◆ WHAT YOU HAVE TO DO ◆
A word-for-word copy of the entries, with the images left out, is what you should write.

◆ INFORMATION SUPPLIED ◆
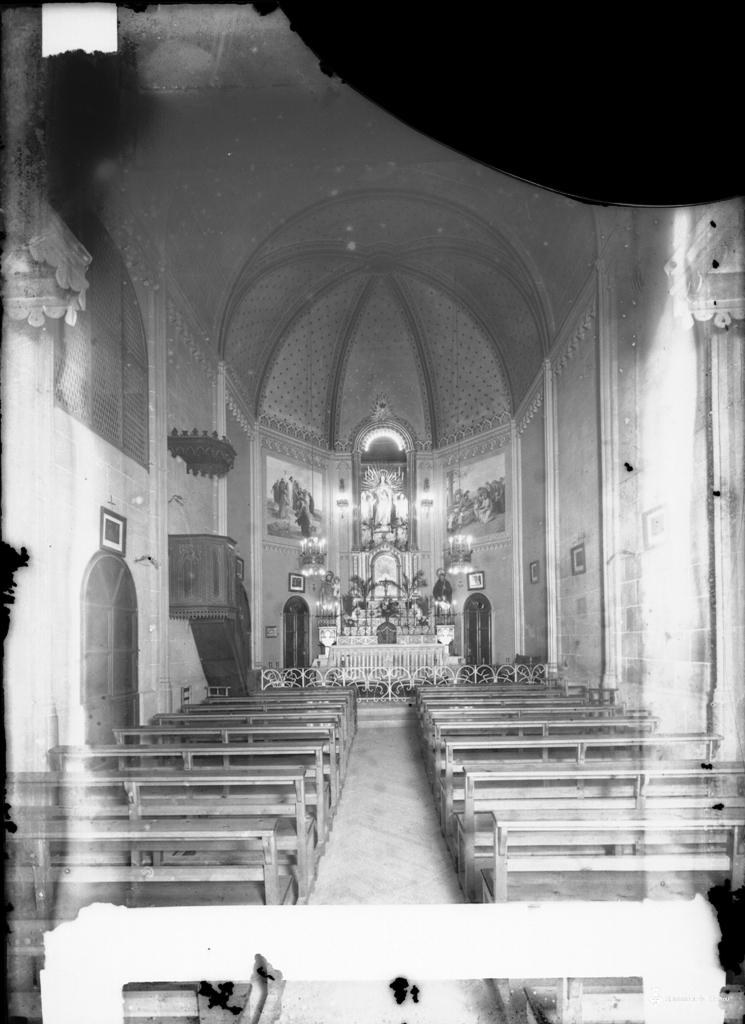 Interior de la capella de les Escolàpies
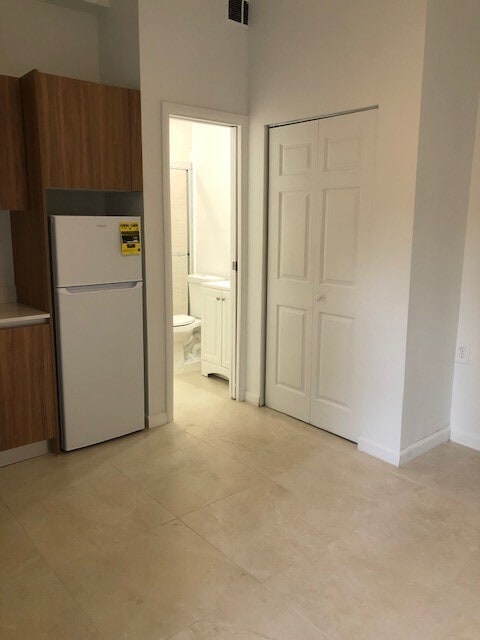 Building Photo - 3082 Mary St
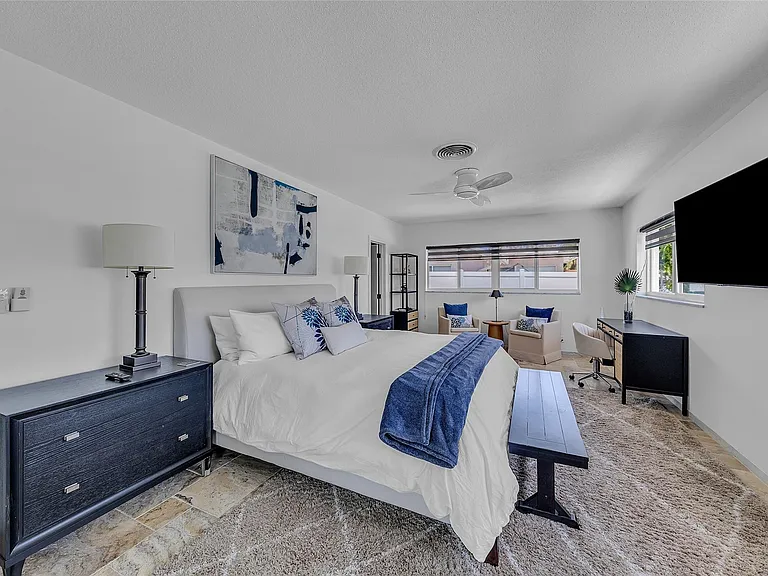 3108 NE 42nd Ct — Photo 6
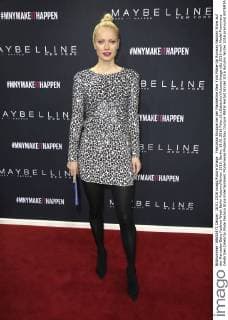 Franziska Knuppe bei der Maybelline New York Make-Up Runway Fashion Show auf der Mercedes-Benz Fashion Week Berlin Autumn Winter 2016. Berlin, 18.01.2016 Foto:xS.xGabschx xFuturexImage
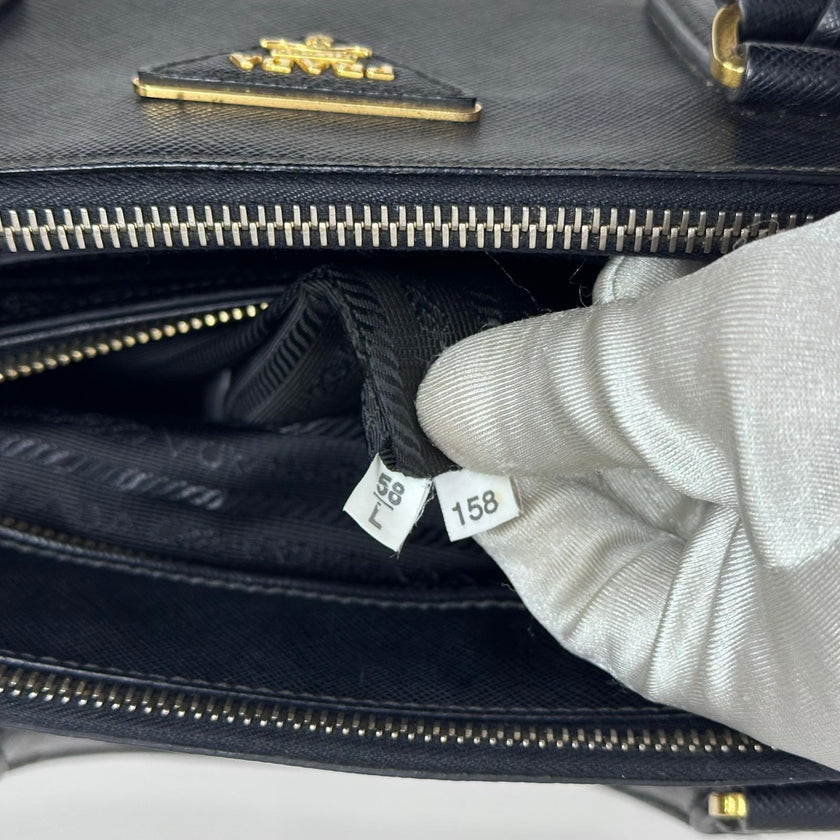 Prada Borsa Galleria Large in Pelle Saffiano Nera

◆ SOLUTION FOR THIS TASK ◆
 Interior de la capella de les Escolàpies
 Building Photo - 3082 Mary St
 3108 NE 42nd Ct — Photo 6
 Franziska Knuppe bei der Maybelline New York Make-Up Runway Fashion Show auf der Mercedes-Benz Fashion Week Berlin Autumn Winter 2016. Berlin, 18.01.2016 Foto:xS.xGabschx xFuturexImage
 Prada Borsa Galleria Large in Pelle Saffiano Nera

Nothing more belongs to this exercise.